Par cet amendement de principal, nous proposons de mettre fin au « délit de solidarité » en précisant que des poursuites ne peuvent être engagées que contre toute personne qui aura agi dans un but lucratif. Nous reprenons là les recommandations de la CIMADE (https ://www.lacimade.org/wp-content/uploads/2018/02/PJL_Asile_Immigration_Cimade_05032018.pdf).

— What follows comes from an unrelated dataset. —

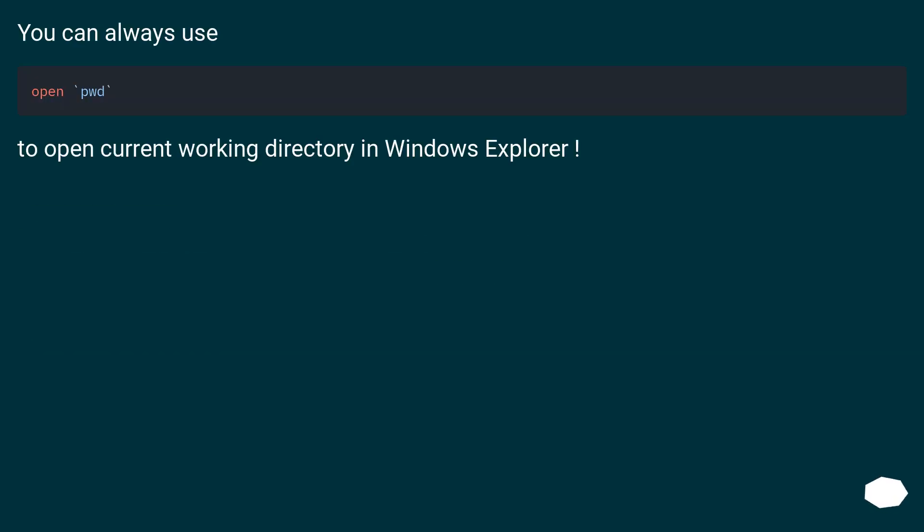You can always use a command to open current working directory in Windows Explorer.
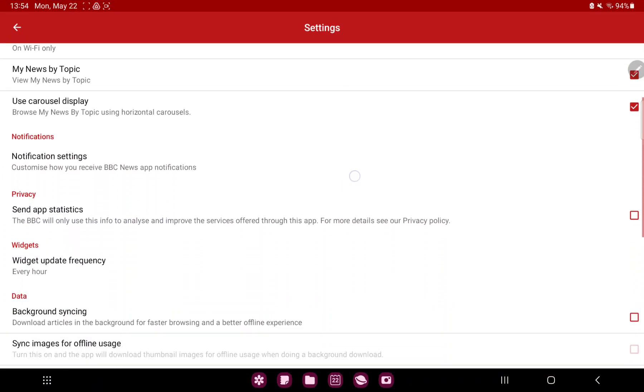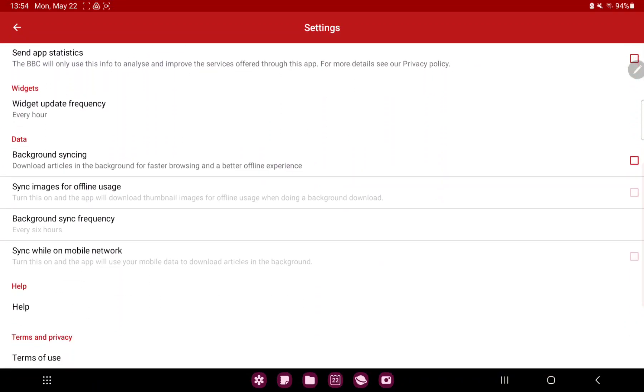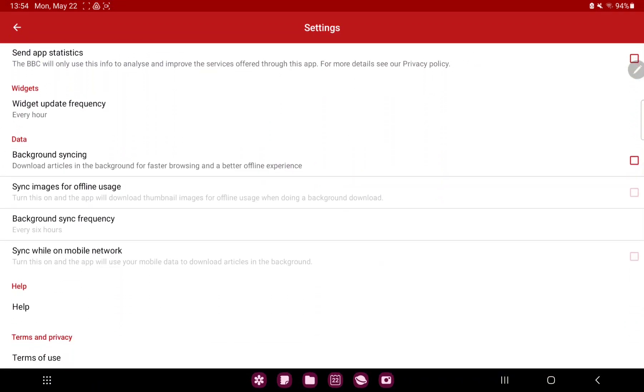Scroll down, and in the data section you can find the first option, background syncing. Just tap the toggle icon and now this function is enabled.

Les articles L. 622‑1 et suivants du code de l'entrée et du séjour des étrangers et du droit d'asile pénalisent « l'aide à l'entrée et au séjour irréguliers”. Ce principe a été posé par l'ordonnance de 1945 (son article 21 prévoyait un emprisonnement d'un mois à un an et d'une amende de 600 à 12 000 F). Ces peines et amendements sont désormais de de “cinq ans et d'une amende de 30 000 Euros” (premier alinéa du L 622‑1 CESEDA).

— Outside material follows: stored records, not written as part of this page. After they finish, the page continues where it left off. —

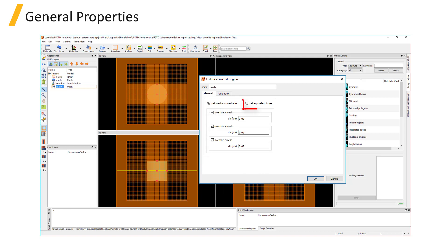Alternately, the Set Equivalent Index option allows you to specify an equivalent refractive index for the volume. The automatic meshing algorithm will then generate a mesh appropriate for the specified refractive index.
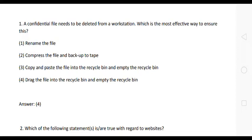Hello friends, welcome to Vision JRF NET YouTube channel. If you are watching this video, please don't forget to subscribe to this YouTube channel and click the bell icon. Now let us see some of the most important questions which are very expected questions from UGC NET Paper One.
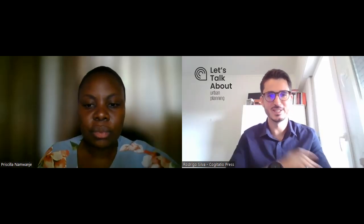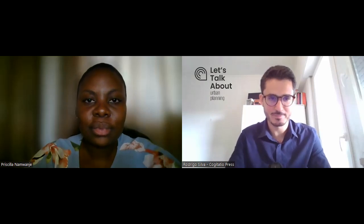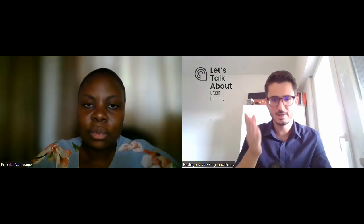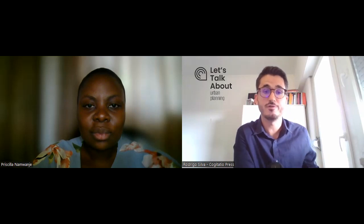Welcome, everyone. Once again, let's talk about urban planning. In this episode, we'll discuss the use of the pattern language approach in bridging the gap between formal and informal urban planning practices in Africa. Priscilla and I will focus on a case study in Kampala, Uganda, where a pattern language approach was used to develop a framework for wetland management that incorporates the needs of both formal and informal communities.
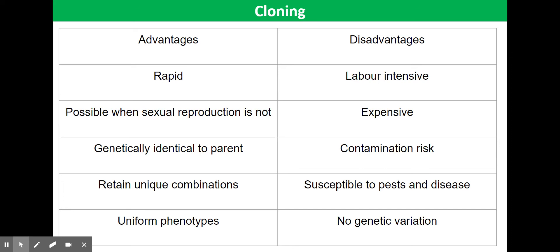If the original plant had an unusual combination of characteristics due to selective breeding or genetic modification, then this combination can be retained without risk of losing it through sexual reproduction. The new plants are all uniform in their phenotype, which makes them easier to grow and harvest.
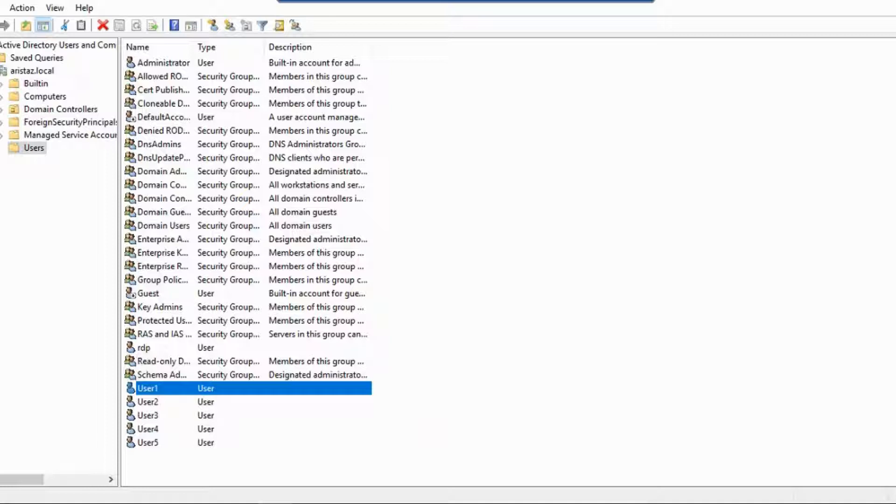First, I am going to Group Policy Management Console.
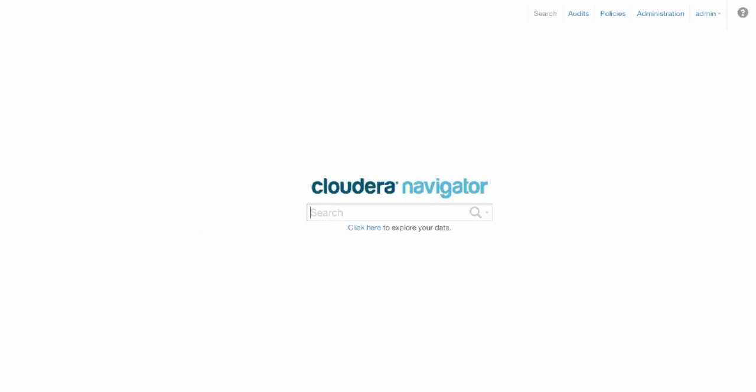Hi everyone, we're going to take a look at Cloudera Navigator today. Navigator is part of Cloudera Enterprise, and it provides enterprise-grade governance and data management for our enterprise-grade Hadoop distribution.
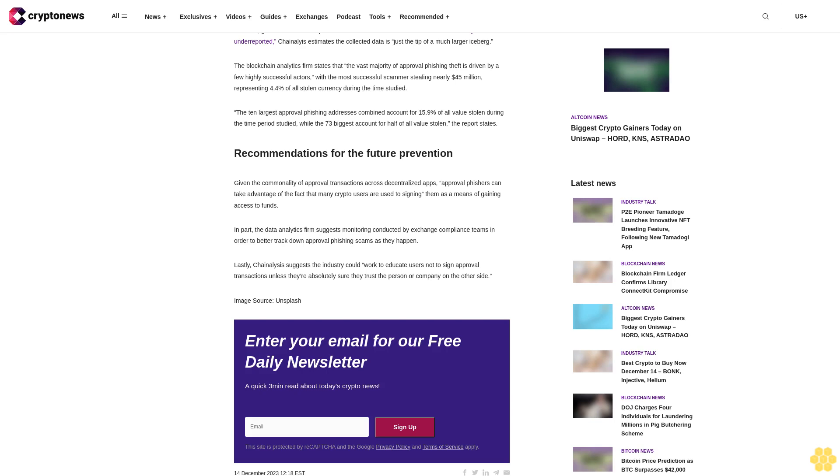However given the limited sample size and the fact that romance scams are notoriously underreported, Chainalysis estimates the collected data is just the tip of a much larger iceberg. The blockchain analytics firm states that the vast majority of approval phishing theft is driven by a few highly successful actors, with the most successful scammer stealing nearly $45 million, representing 4.4% of all stolen currency during the time studied. The 10 largest approval phishing addresses combined account for 15.9% of all value stolen during the time period studied, while the 73 biggest account for half of all value stolen.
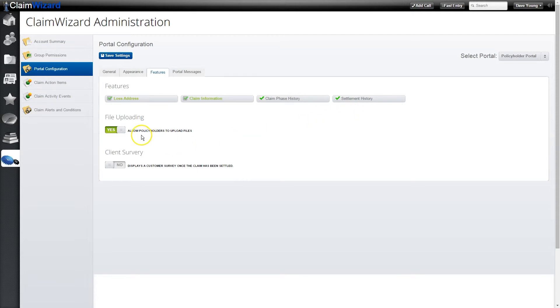You can also control whether or not the client can upload files. When your client uploads files to their claim, it will appear in a special folder in the file section of that claim labeled 'files uploaded by policyholder.' This allows your clients the freedom to upload copies of receipts, pictures, and maybe a scan of their policy dec page without those files ending up in random folders. You then have the ability to go into that folder, review them, move them to other folders to suit your own organization, and of course remove them. Clients can only upload files — they are not able to see the other files that have been uploaded.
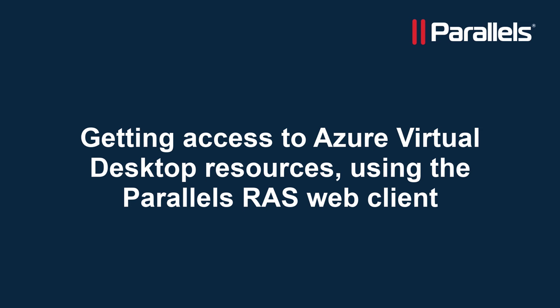This concludes our video demonstrating how to get access to Azure Virtual Desktop resources using the Parallels RAS Web Client. For more content on our integration with Azure Virtual Desktop as well as other topics, subscribe to our channel and browse through the Parallels Tech Byte series.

Le bon sens législatif a toutefois progressivement tempéré ces dispositions puisque désormais il existe trois exceptions principales à cette pénalisation, consacrées à l'article L. 622‑4 CESEDA (à savoir, l'aide aux membres de la famille (1°), l'aide aux membres de la famille du conjoint (2°), et une troisième (3°) qui a été créée en 2003 (Loi n° 2003‑1119 du 26 novembre 2003 relative à la maîtrise de l'immigration, au séjour des étrangers en France et à la nationalité).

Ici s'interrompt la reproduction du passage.